Memory contention caused by 'ASYNC: Discovery - Sensors VMWarevCenter' scheduled jobs

Mitali Sahoo · ‎12-27-2020

Issues faced:

Instances can experience outages due to memory contention on few/all UI nodes.

The heap dumps show evidence of multiple worker threads executing 'ASYNC: Discovery - Sensors VMWarevCenter' scheduled jobs with each thread consuming around 300MB of space.

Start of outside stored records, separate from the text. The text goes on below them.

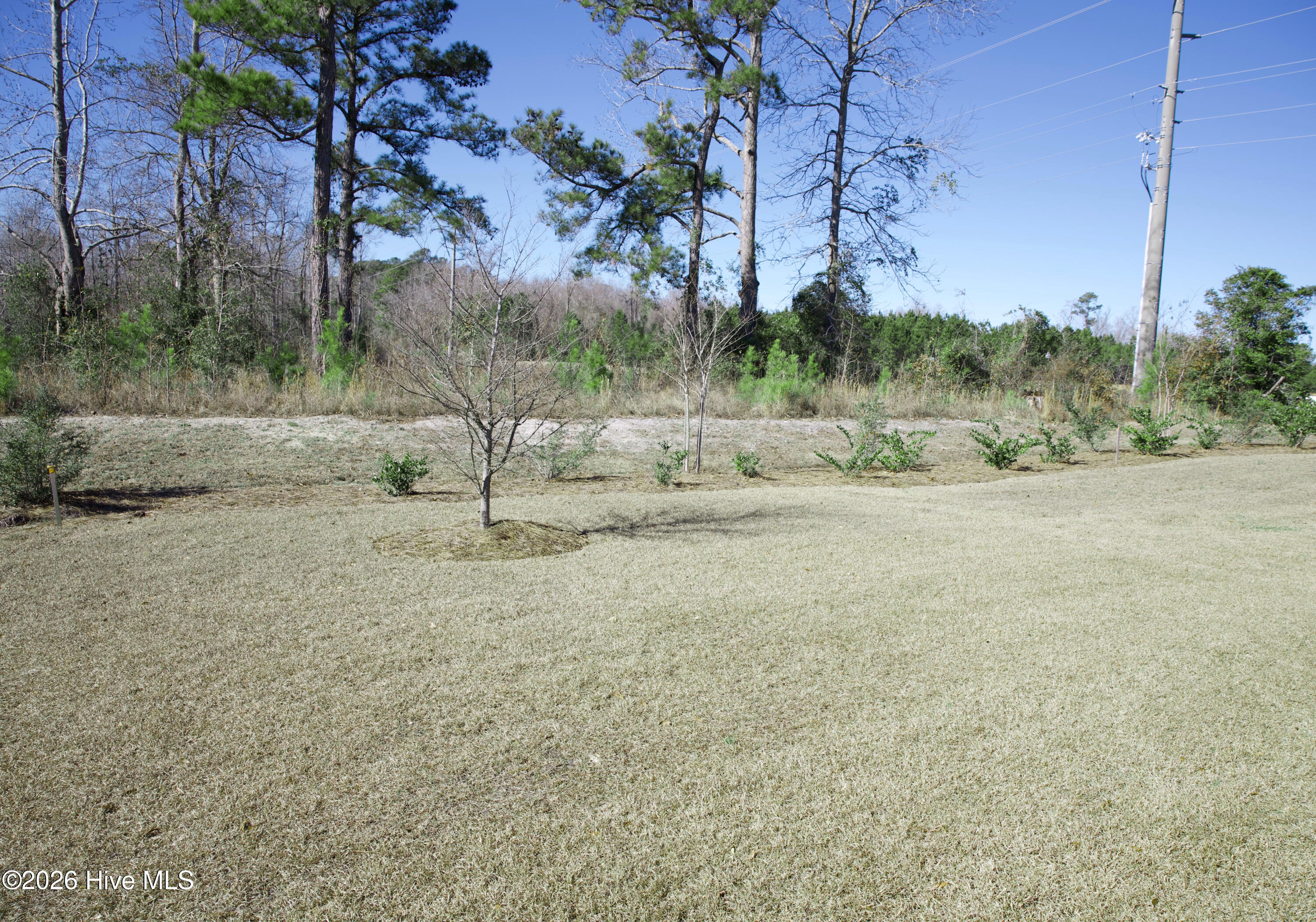 100549439 | Photo 10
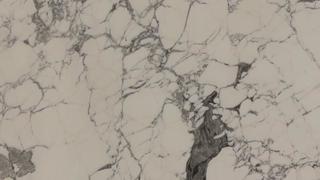 Statuario Corchia (H)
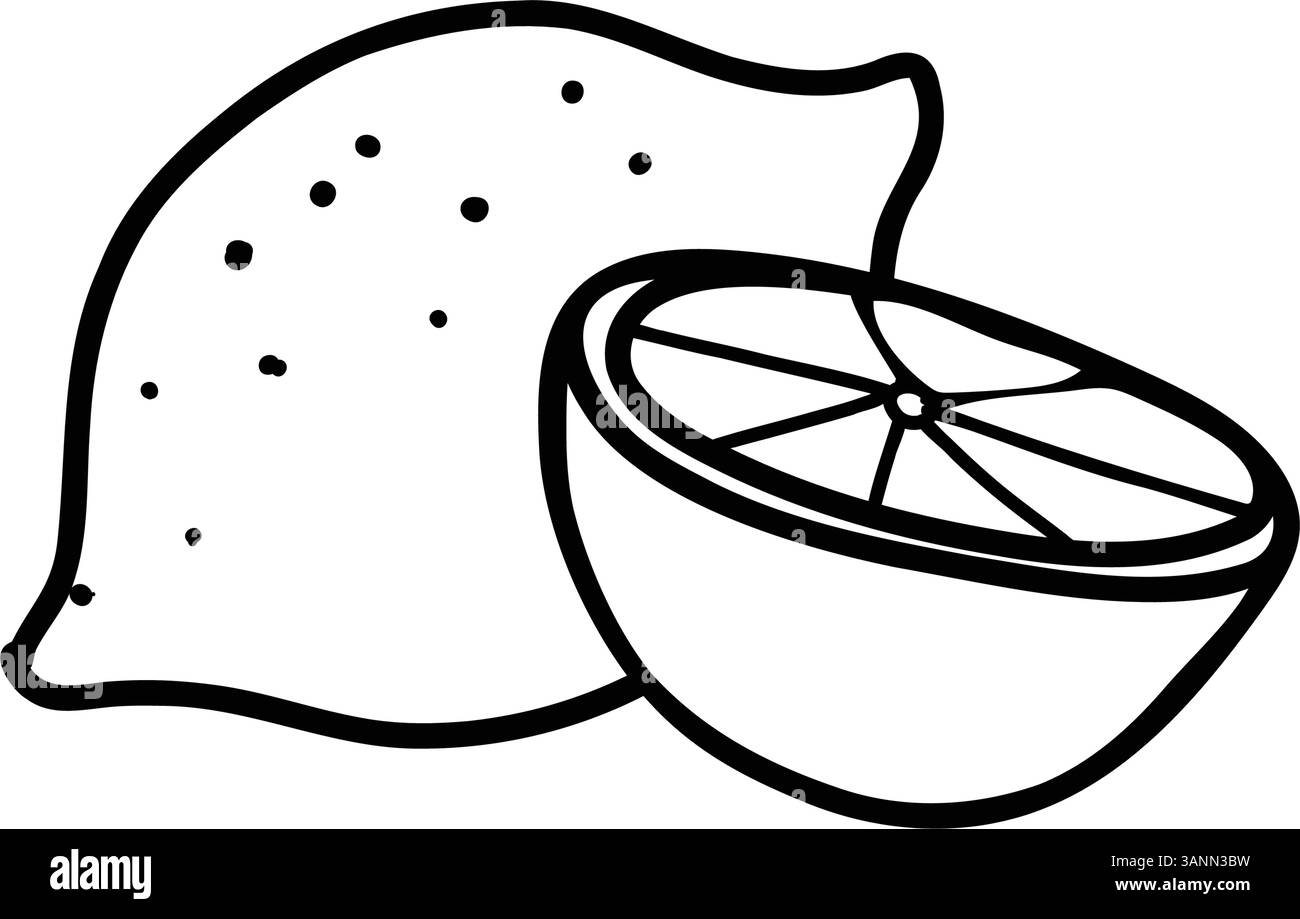 Zitrone, ganze Früchte und halbe Scheibe. Hand gezeichnete Vektor-Kritzelelemente von Zitrus. Schwarz-weiß-Strichgrafik auf weißem Hintergrund. Für das Produkt Stock Vektor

Taking a quick glance at the heap dump, each thread has a huge array in heap which appears to hold many objects with each objects having elements named host_group and vm_group holding GlideElement() (i.e. full GlideRecord()) objects from the cmdb_ci_vcenter_host_group and cmdb_ci_vcenter_vm_group tables.

Resolution:

For VMWarevCenterClusterDRSProbe, create and set probe parameter 'pagesize' to 1 or 2.

Reasons for changes:

- page_size defines how many clusters need to be discovered in VMWarevCenterClusterDRSProbe.
- In the discovery, we see that if the number of cluster passed to VMWarevCenterClusterDRSProbe is more (in customer's case, it was 5/6), it goes for timeout.
- Setting page_size to 1 or 2 for VMWarevCenterClusterDRSProbe makes sure that the number of clusters need to be discovered for DRS will be maximum 2. So that, it fetches lesser information compared to the previous scenario where it was fetching information for 5 clusters.